## Problem:
Transcribe each of the entries exactly.

(Items from a dataset)
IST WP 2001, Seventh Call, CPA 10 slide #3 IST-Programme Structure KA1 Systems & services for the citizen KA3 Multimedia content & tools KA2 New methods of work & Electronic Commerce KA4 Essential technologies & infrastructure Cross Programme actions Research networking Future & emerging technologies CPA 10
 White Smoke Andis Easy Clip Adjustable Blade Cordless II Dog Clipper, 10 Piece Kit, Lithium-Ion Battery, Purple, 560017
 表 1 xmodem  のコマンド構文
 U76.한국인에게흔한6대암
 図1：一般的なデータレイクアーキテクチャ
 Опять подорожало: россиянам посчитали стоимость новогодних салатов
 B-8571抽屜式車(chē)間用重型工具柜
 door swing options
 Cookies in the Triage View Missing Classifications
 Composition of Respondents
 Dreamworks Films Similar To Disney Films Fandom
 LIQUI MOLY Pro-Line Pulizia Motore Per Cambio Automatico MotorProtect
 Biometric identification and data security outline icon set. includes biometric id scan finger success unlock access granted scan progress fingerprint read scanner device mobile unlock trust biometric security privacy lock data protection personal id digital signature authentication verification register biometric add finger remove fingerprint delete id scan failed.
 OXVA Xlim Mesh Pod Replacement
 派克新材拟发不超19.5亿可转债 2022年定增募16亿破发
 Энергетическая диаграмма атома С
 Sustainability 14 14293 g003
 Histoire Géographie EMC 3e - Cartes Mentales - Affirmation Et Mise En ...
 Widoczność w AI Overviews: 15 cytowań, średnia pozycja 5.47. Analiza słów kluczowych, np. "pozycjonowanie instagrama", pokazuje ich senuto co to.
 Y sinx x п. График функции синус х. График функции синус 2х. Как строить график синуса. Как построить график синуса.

## Answer for the task:
IST WP 2001, Seventh Call, CPA 10 slide #3 IST-Programme Structure KA1 Systems & services for the citizen KA3 Multimedia content & tools KA2 New methods of work & Electronic Commerce KA4 Essential technologies & infrastructure Cross Programme actions Research networking Future & emerging technologies CPA 10
 White Smoke Andis Easy Clip Adjustable Blade Cordless II Dog Clipper, 10 Piece Kit, Lithium-Ion Battery, Purple, 560017
 表 1 xmodem  のコマンド構文
 U76.한국인에게흔한6대암
 図1：一般的なデータレイクアーキテクチャ
 Опять подорожало: россиянам посчитали стоимость новогодних салатов
 B-8571抽屜式車(chē)間用重型工具柜
 door swing options
 Cookies in the Triage View Missing Classifications
 Composition of Respondents
 Dreamworks Films Similar To Disney Films Fandom
 LIQUI MOLY Pro-Line Pulizia Motore Per Cambio Automatico MotorProtect
 Biometric identification and data security outline icon set. includes biometric id scan finger success unlock access granted scan progress fingerprint read scanner device mobile unlock trust biometric security privacy lock data protection personal id digital signature authentication verification register biometric add finger remove fingerprint delete id scan failed.
 OXVA Xlim Mesh Pod Replacement
 派克新材拟发不超19.5亿可转债 2022年定增募16亿破发
 Энергетическая диаграмма атома С
 Sustainability 14 14293 g003
 Histoire Géographie EMC 3e - Cartes Mentales - Affirmation Et Mise En ...
 Widoczność w AI Overviews: 15 cytowań, średnia pozycja 5.47. Analiza słów kluczowych, np. "pozycjonowanie instagrama", pokazuje ich senuto co to.
 Y sinx x п. График функции синус х. График функции синус 2х. Как строить график синуса. Как построить график синуса.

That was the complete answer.